Wer waren eigentlich die wahren Apostaten und Weltbildvereinfacher?
Stichworte: christliche Bücherverbrennungen seit der Spätantike,
pars pro toto seien erwähnt: z.B. die öffentliche Verbrennung der systematisch ausgeführten bibelkritischen Schriften des Porphyrios, einer der kompetentesten Gegner des Christentums (vgl. auch weiter unten);
ebenso das Schicksal der Alēthḗs lógos des Kelsos. Ähnlich erging es dem antichristlichen Spätwerk Nómon syngraphé des Geṓrgios Gemistós [„Plethon„], das 1454 auf Befehl des Patriarchen von Konstantinopel (Gennadios II. Scholarios) verbrannt wurde; obschon Fragmente davon und eine Zusammenfassung überlebten.
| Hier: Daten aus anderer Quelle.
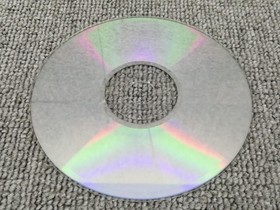 Sega Saturn Software Pocket Fighter Capcom FLK15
Zur klerikalen Unterdrückungsgeschichte der wirklichen Rede- und Publikationsfreiheit gehört u.a. auch, dass Redefreiheit während des gesamten europäischen Mittelalters im allgemeinen bloß als Kanzelberedsamkeit praktiziert werden konnte und eben nicht als öffentliche Meinung oder Meinungsäußerungsfreiheit sanktionslos toleriert wurde. Mit Blick auf die freiheitliche Sonderrolle der Kanzelberedsamkeit könnte man durchaus dafürhalten, dass „das Mittelalter“ in Mitteleuropa erst mit dem Ableben der sogenannten „DDR“ Ende 1989 endgültig oder evtl. auch nur bis auf Widerruf zu Ende gegangen ist.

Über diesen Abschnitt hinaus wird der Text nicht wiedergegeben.